→ Task directions: Below, find the line containing "Slide: The Image" and the line containing "Machchafushi Island Resort"; reproduce exactly those two and every line between them, omitting pictures.

→ Input data:
■ ■ ■ ■

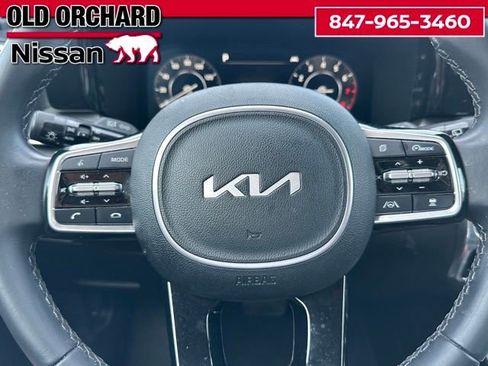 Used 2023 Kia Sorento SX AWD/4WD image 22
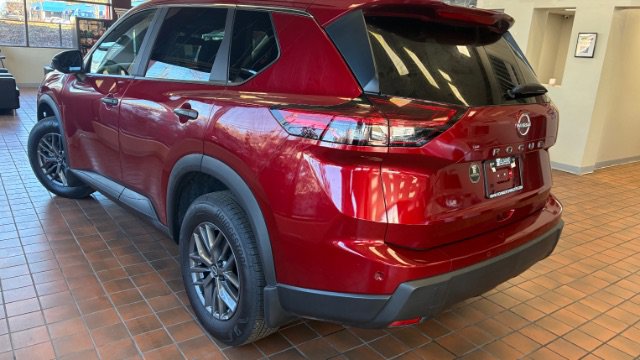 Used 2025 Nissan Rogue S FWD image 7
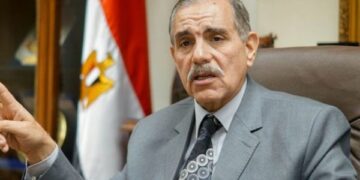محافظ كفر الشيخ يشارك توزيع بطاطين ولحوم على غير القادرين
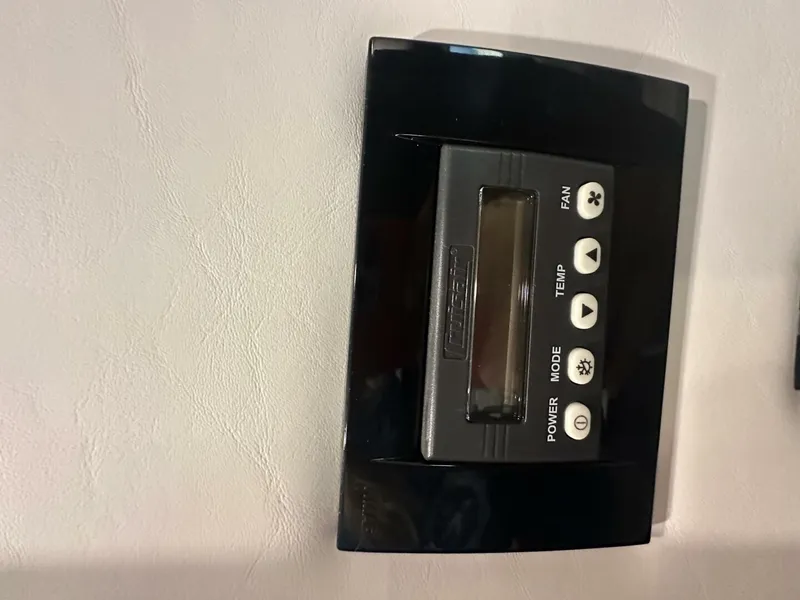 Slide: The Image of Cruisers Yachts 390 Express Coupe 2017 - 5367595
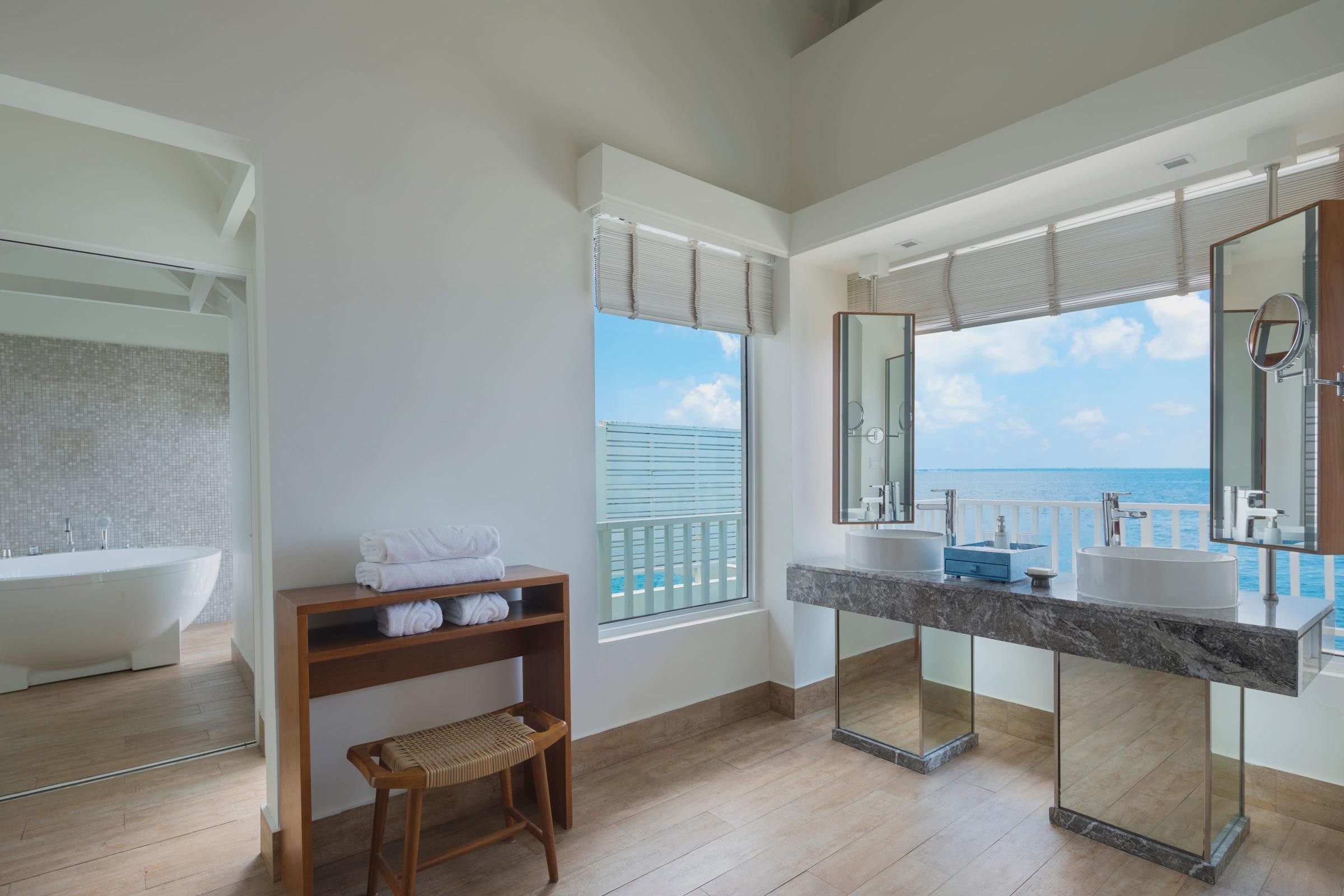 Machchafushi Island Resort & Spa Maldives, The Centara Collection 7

■ ■ ■ ■

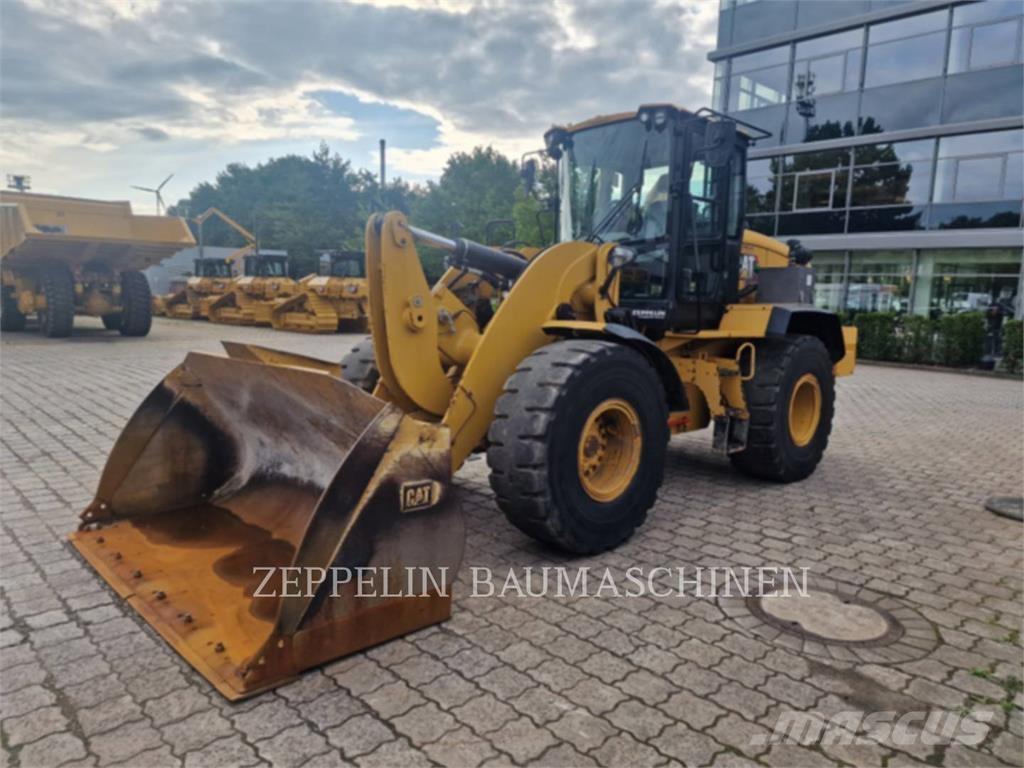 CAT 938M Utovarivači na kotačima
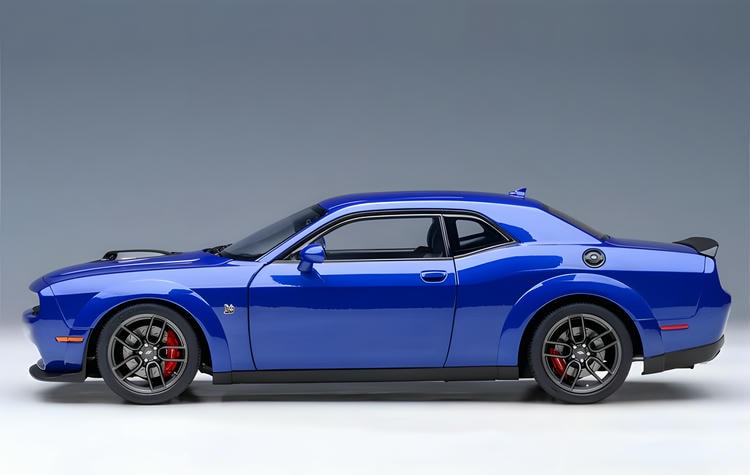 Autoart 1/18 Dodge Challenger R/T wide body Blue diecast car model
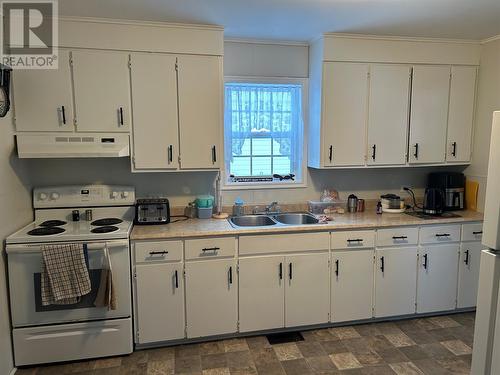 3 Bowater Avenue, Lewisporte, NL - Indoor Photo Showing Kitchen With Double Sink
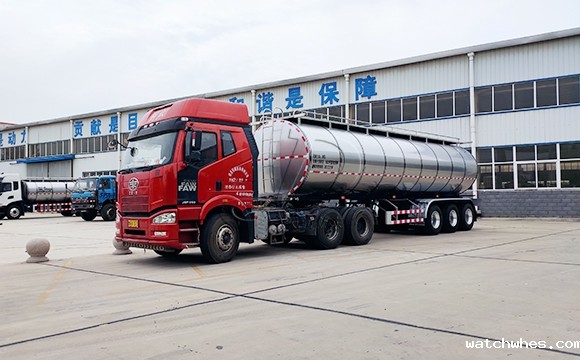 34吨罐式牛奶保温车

■ ■ ■ ■

→ Written answer:
 Slide: The Image of Cruisers Yachts 390 Express Coupe 2017 - 5367595
 Machchafushi Island Resort & Spa Maldives, The Centara Collection 7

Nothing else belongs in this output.